Database and Cluster Essentials
This article describes the essentials of databases and clusters in Exasol SaaS.
Databases and clusters
An Exasol database comprises one or more clusters that handle all query operations. A cluster is a group of servers, each having its own CPUs and main memory (RAM). The size of the cluster defines its compute power based on the total number of CPUs and RAM. Using multiple clusters makes it possible to separate workloads between teams or tenants and allow for greater concurrency.
Increasing the compute power in a cluster is referred to as vertical scaling. Adding more clusters is referred to as horizontal scaling.
The first cluster of a database is called the main cluster, while all other clusters are called worker clusters. The main cluster has a special role: it communicates with all worker clusters and ensures that they have a consistent view of transactions and metadata. Each cluster has a direct connection with the end users and with the central data store, and only metadata is transferred between the clusters.

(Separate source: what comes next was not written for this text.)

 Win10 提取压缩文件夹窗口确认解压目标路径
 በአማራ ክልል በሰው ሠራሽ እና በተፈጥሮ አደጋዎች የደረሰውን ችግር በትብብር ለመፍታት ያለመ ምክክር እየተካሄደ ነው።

Worker clusters can only run if the main cluster is running. Stopping the main cluster will also stop all worker clusters in the database.
Object storage
Data and metadata for the database are stored in a central data store such as an S3 bucket, not in the clusters. All clusters in a database access the same underlying data and metadata. Changes that are persisted from one cluster are persisted in the data store and are also persistent for all other transactions in the database, regardless of which cluster they are connected to.
Database scalability
The scalability of a database is the ability to increase and decrease resources based on business demands. Scalability can be classified into vertical scaling and horizontal scaling.
Vertical scaling
Vertical scaling means changing the compute power and memory (RAM) available for a database to optimize concurrency. When you scale up or down, the amount of VCPUs and RAM allocated to the cluster is adjusted based on the new cluster size. Use vertical scaling when you want to:
- Speed up the queries you are executing
- Run large complex queries or support bigger datasets without affecting performance
- Add more users or concurrency without affecting performance
The optimal cluster size for an Exasol database is based on usage patterns. As a rule of thumb, start with a RAM size that corresponds to about 10 percent of the size of your raw data. For example, if you want to process about 1 TiB of raw data, the cluster size Small
may be a good starting point.
Depending on your workload, you may need a larger cluster size to use additional CPU and memory. Sometimes, a smaller cluster may however also meet your requirements and be more cost-effective. You can dynamically test which size best fits your needs by resizing a cluster.
Example:
A business has one database with one cluster. Over time, as data and the number of users on the system grow, users start to experience some slowdown while working on the database. In this case, resizing the cluster from size M to L would lead to a noticeable improvement of all queries. The administrator has complete control over when and how to scale based on the business needs and budget.
Horizontal Scaling
Horizontal scaling means adding more clusters to the database. You can use horizontal scaling to optimize concurrency and manage higher workloads, and when you want to isolate different workloads.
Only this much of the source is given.